Slumping art sales after the economic downturn led to the closures of former Camas mainstays Nevado Gallery Gifts and Pike Art Gallery. Galleries in Vancouver, Ridgefield and Battle Ground also closed.

“To most people, art is sort of a luxury,” said Vancouver artist Judy Witteman, owner of the former Nevado space and currently a paraeducator at Fir Grove/Vista. “If you have money to buy eggs or art, you’re going to buy the basics you need to survive.”

Discretionary income was less scarce when Witteman opened Nevado in downtown Camas in 2005.

“In Camas, the energy was so phenomenal. I liked the vitality of the downtown, and all the businesses that were cropping up,” she said. “I saw the need to expose the public to new, emerging and established artists.”

When the recession hit, gallery sales dropped off. In 2009, Witteman closed Nevado.

Even though she wasn’t able to keep the gallery alive, Witteman considers the experience to be very positive.

o What: First Friday, a monthly event where downtown Camas businesses and galleries stay open late. Themes vary, spotlighting the area's artists, musicians, restaurants and boutiques. This month is a "golden egg hunt," where patrons can win prizes from participating businesses.

o When: 5-8 p.m. on the first Friday of each month. The next event will take place April 1.

o Where: Various merchants throughout downtown Camas.

o Cost: Free.

o Information:http://www.downtowncamas.com.

“I loved it,” she said.

Slumping sales

Witteman thinks downtown Camas needs a critical mass of galleries to make the city a destination for art lovers.

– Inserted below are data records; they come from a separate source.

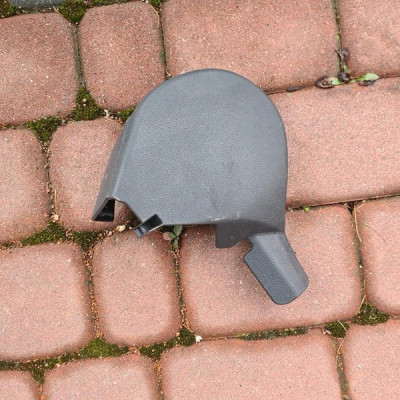 Plastik osłona fotela lewa Opel Corsa D Corsa E 13210992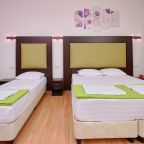 Трехместный (Семейный  с балконом  (3 СТ Б)), Гостиница Диса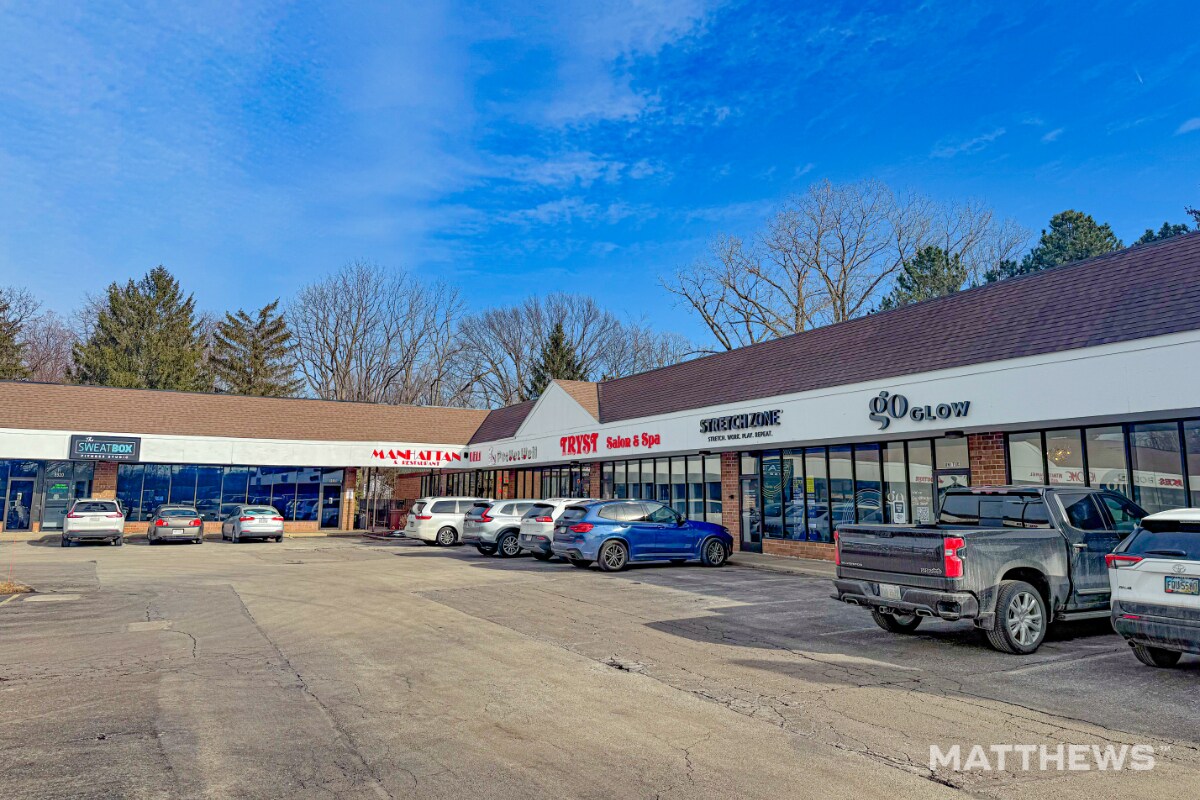 8900-8920 Mentor Ave, Mentor, OH for Rent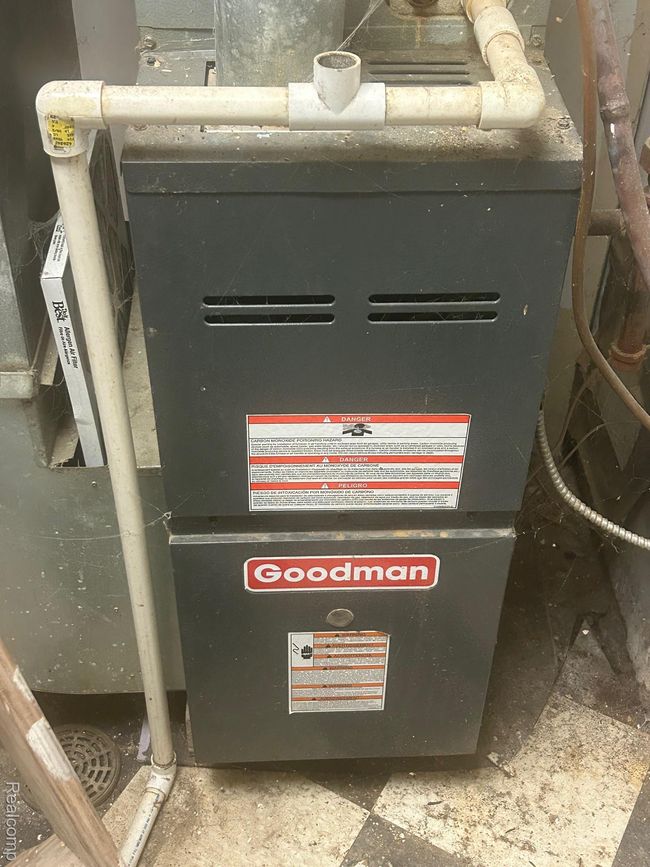 910 Goodman Furnace | Image 30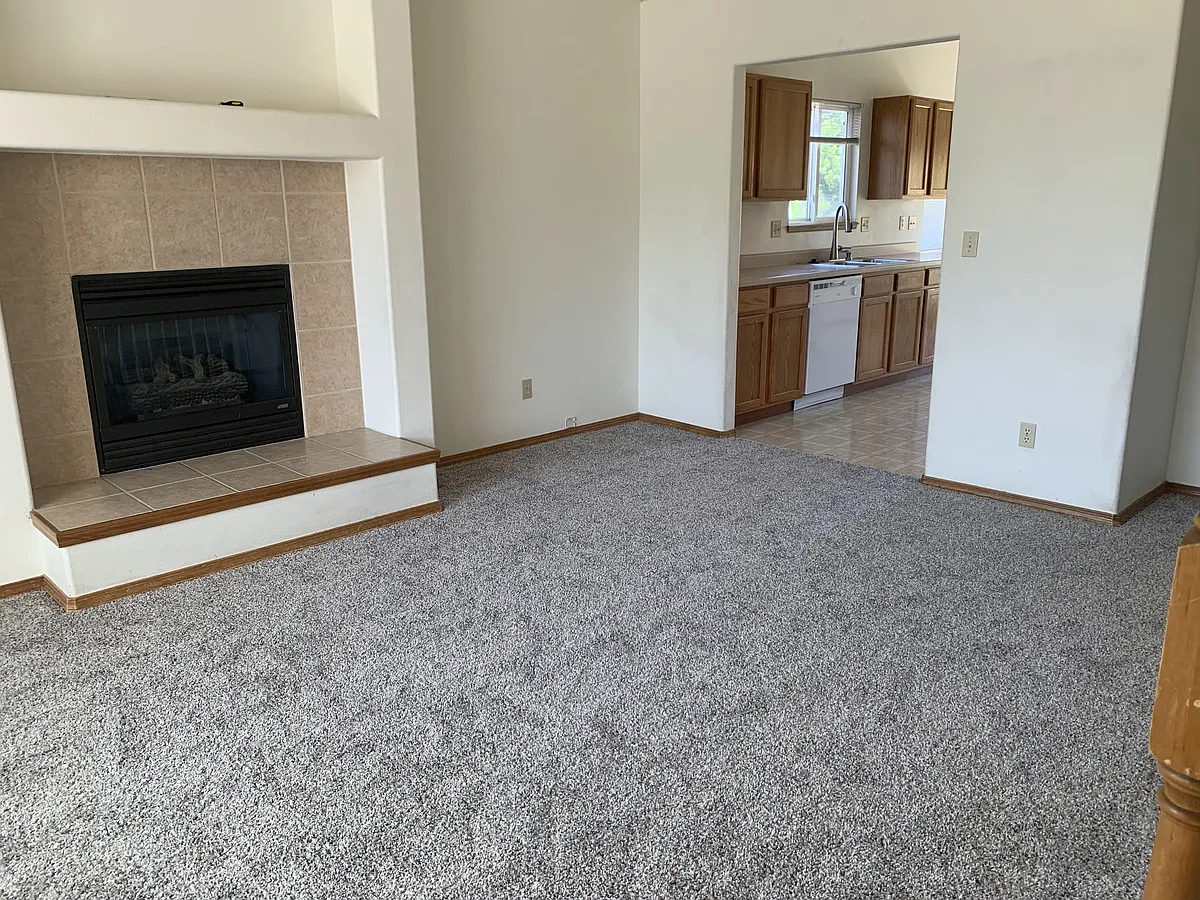 Building Photo - 5162 Chaise Dr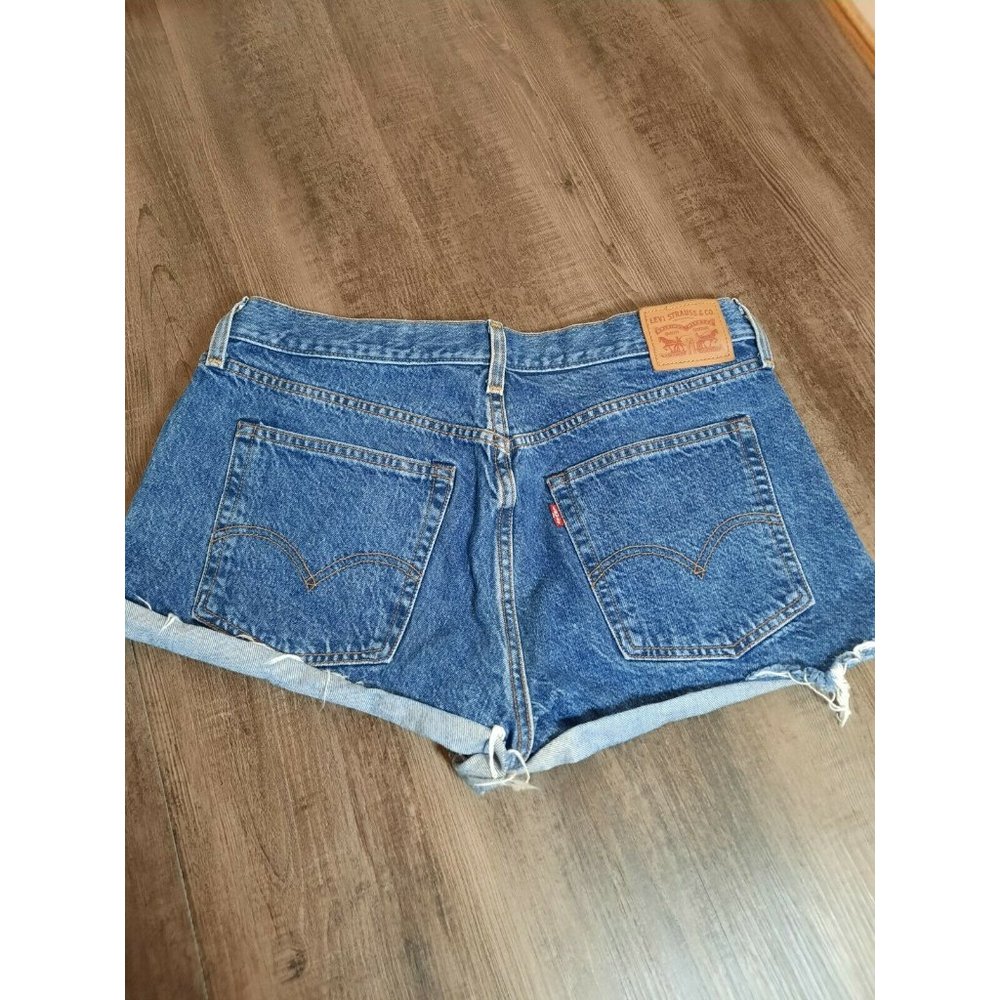 Levis white Oak Denim cut off Shorts Women's Size 32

She’d like to see more galleries crop up as the economy recovers.

“The more galleries, the better,” she said.

Liz Pike had the gallery experience, and now she’s looking at other ways to share her art with a wider audience, including possibly having sales and shows on her Fern Prairie property in the future.

Pike owned and operated Pike Art Gallery in downtown Camas from early 2006 to the end of 2008. It shared space with Pike Advertising Agency, which she also owns and which up until that point had been a home business.

When she opened the gallery, the ad agency was thriving. She rented space upstairs to Camas musician and artist Nick Manwell, a former gallery owner who runs Inicky Digital Imaging. Subletting to Manwell helped Pike cover costs, but it ultimately wasn’t enough.

After a strong showing in Pike Art Gallery’s first year, sales dipped some in 2007 and even more in 2008. Pike had hoped her ad agency would be able to subsidize the gallery, but that business suffered the effects of the economy, as well.

Pike, an artist and the director of public affairs for the Building Industry Group, thinks back fondly on the First Friday events she hosted at the gallery.

She offered live music, appetizers, handmade chocolate truffles and wine tastings, and it wasn’t unusual for 250 people to cycle through the space.

“We created a living room for Camas,” she said.

Filling the void

The absence of Pike Art Gallery and Nevado Gallery Gifts is still felt, but downtown Camas continues to offer monthly First Friday events. March’s First Friday had an Arts & Letters theme, and featured local author book signings and student artwork.

The next First Friday, which takes place on April 1 from 5 to 8 p.m., has a “golden egg hunt” focus. Patrons will collect plastic eggs at participating storefronts in hopes of finding one with a special prize.

Several downtown Camas merchants feature work by local artists in their shops, said Carrie Schulstad, owner of The Uncommon Gift (407 N.E. Fourth Ave., http://www.theuncommongift.com). Schulstad is a Downtown Camas Association board member and coordinates First Fridays.

Merchants such as Schulstad help fill the void left by Pike Art Gallery and Nevado Gallery Gifts, giving artists a space to share their work with the community. And though Camas may be short on galleries right now, there’s no lack of talent, according to the library’s Zavortink.

“I’ve always been struck when we put out a call to artists by all the incredible artists who live here,” he said.